Esas No: 2020/120
Karar No: 2020/1641
Karar Tarihi: 04.06.2020
Yargıtay 4. Hukuk Dairesi 2020/120 Esas 2020/1641 Karar Sayılı İlamı
"İçtihat Metni"
MAHKEMESİ :Sulh Hukuk Mahkemesi
Davacı ... vekili Avukat ... tarafından, davalılar ... İnşaat ve Tur. Tes. AŞ ve diğerleri aleyhine 30/01/2012 gününde verilen dilekçe ile kurum zararı sebebiyle alacak istenmesi üzerine mahkemece yapılan yargılama sonunda; davanın kısmen kabulüne dair verilen 14/05/2015 günlü kararın Yargıtayca incelenmesi davalı ... vekili tarafından süresi içinde istenilmekle temyiz dilekçesinin kabulüne karar verildikten sonra tetkik hakimi tarafından hazırlanan rapor ile dosya içerisindeki kağıtlar incelenerek gereği görüşüldü.
Dava, kurum zararı sebebiyle alacak istemine ilişkindir. Mahkemece, davanın kısmen kabulüne karar verilmiş; hüküm, davalılardan ... vekili tarafından temyiz edilmiştir.
Davacı vekili, davalılardan ...’ün muhasebeci ve müdür vekili, ..., ..., ... ve ...’in şoför olarak çalıştıkları esnada davacı kurum adına imza, mühür, tarih ve araç plakası olmadan davalı ... İnşaat ve Tur. Tes. A.Ş. akaryakıt firmasından akaryakıt alınmak, fatura tanzim edilmek suretiyle kurumu zarara uğrattıklarının müfettiş raporuyla ortaya çıktığını, şoför olarak çalışan davalılar hakkında ceza yargılaması yapılarak mahkumiyetlerine karar verildiğini belirterek oluşan zararın tazmini isteminde bulunmuştur.
Davalılardan ..., ..., ... ve ... İnşaat ve Tur. Tes.
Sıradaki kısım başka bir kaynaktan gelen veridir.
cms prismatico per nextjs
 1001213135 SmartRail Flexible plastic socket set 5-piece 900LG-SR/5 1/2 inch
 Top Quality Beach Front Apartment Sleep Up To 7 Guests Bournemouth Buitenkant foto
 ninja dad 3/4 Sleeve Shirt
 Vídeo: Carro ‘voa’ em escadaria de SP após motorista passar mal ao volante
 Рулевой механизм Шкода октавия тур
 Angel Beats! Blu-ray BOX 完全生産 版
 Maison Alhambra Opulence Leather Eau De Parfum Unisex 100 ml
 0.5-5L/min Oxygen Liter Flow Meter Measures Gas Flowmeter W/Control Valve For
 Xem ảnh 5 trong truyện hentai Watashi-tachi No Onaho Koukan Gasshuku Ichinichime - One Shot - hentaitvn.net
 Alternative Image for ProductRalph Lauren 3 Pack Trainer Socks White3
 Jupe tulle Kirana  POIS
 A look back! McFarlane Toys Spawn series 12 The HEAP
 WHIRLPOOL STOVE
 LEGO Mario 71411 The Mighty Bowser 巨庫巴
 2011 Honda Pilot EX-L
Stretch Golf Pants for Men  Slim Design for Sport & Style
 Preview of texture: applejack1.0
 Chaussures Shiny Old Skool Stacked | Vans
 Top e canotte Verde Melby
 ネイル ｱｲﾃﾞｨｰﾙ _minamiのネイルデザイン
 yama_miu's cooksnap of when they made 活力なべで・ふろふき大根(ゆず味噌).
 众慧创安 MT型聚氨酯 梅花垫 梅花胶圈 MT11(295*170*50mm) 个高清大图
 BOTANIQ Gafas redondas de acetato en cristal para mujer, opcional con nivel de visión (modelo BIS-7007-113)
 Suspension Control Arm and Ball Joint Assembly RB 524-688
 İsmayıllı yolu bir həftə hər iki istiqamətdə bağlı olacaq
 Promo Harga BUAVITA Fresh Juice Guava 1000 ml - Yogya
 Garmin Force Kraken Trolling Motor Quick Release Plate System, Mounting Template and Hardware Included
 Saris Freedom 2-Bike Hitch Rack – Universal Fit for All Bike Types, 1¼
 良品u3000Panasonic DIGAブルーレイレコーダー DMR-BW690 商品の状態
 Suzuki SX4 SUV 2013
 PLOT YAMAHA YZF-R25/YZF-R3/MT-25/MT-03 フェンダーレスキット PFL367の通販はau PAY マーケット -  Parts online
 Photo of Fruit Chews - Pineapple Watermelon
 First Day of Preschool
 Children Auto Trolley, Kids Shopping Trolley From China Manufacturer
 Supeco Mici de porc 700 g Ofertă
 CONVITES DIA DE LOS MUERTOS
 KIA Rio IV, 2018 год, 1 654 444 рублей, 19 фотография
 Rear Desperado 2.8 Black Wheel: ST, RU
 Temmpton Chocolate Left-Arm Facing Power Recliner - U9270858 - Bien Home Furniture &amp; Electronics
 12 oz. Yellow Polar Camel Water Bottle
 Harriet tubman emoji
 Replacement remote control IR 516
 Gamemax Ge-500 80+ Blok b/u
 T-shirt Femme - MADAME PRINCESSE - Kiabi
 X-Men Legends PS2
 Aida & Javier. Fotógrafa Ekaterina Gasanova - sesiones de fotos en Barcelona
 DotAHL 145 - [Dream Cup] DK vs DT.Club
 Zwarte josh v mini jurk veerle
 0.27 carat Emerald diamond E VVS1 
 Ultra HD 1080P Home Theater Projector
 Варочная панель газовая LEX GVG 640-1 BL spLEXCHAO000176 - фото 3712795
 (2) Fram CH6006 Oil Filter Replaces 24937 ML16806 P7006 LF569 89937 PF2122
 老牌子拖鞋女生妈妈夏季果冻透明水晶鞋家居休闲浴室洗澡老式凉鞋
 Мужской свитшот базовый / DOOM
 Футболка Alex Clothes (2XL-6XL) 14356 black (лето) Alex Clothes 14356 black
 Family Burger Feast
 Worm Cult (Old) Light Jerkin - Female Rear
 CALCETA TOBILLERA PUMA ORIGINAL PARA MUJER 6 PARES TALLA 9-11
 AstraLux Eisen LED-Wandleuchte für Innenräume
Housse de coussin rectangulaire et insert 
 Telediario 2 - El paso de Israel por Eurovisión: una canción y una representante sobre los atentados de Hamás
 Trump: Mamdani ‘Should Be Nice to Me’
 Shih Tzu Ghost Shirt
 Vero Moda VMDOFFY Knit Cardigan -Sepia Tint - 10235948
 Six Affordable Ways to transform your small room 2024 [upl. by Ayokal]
A.Ş. davanın reddini savunmuş, davalı ... ve ... cevap dilekçesi sunmamıştır.
Mahkemece, davanın davalılar ..., ..., ..., ... ve ... bakımından kısmen kabulüne karar verilmiştir.
1-6100 sayılı HMK’nın 297. maddesinin 2. fıkrasında, “Hükmün sonuç kısmında, gerekçeye ait herhangi bir söz tekrar edilmeksizin, taleplerden her biri hakkında verilen hükümle, taraflara yüklenen borç ve tanınan hakların, sıra numarası altında; açık, şüphe ve tereddüt uyandırmayacak şekilde gösterilmesi gereklidir.” şeklinde düzenleme yer almaktadır. Söz konusu düzenleme kamu düzenine ilişkindir.
Dosyanın incelenmesinde; davacı vekilinin, dava dilekçesinde davalılardan ... İnşaat ve Tur. Tes. A.Ş.’ye karşı davasını yöneltmiş olmasına rağmen kısa karar ve gerekçeli kararda adı geçen davalı bakımından olumlu ya da olumsuz bir karar tesis edilmediği anlaşılmaktadır. Şu halde; mahkemece, yukarıdaki kanuni düzenleme dikkate alınmak suretiyle her bir davalı açısından davacının talebi de göz önüne alınarak karar verilmemiş olması doğru olmamış kararın bu sebeple bozulması gerekmiştir.
2-Mahkemece, davacı vekilinin dava dilekçesinde, davalılar ..., ..., ..., ..., ... ve ... İnşaat ve Tur. Tes. A.Ş.’yi davalı göstermek suretiyle davasını açmasına karşın, dava dışı ve davanın tarafı olmayan ... ve ... hakkında davanın reddine yönelik hüküm kurulduğu anlaşılmaktadır. Şu halde, mahkemece dava dilekçesinde aleyhine dava açılan davalılar nazara alınmaksızın, davada davalı sıfatı bulunmayanlar hakkında hüküm tesis edilmiş olması usule aykırı olup kararın bu sebeple bozulması gerekmiştir.
SONUÇ: Temyiz edilen kararın yukarı (1) ve (2) nolu bentlerde açıklanan sebeplerle BOZULMASINA, bozma nedenine göre temyiz eden davalı ...’ın temyiz itirazlarının şimdilik incelenmesine yer olmadığına ve peşin alınan harcın istek halinde geri verilmesine 04/06/2020 gününde oy birliğiyle karar verildi.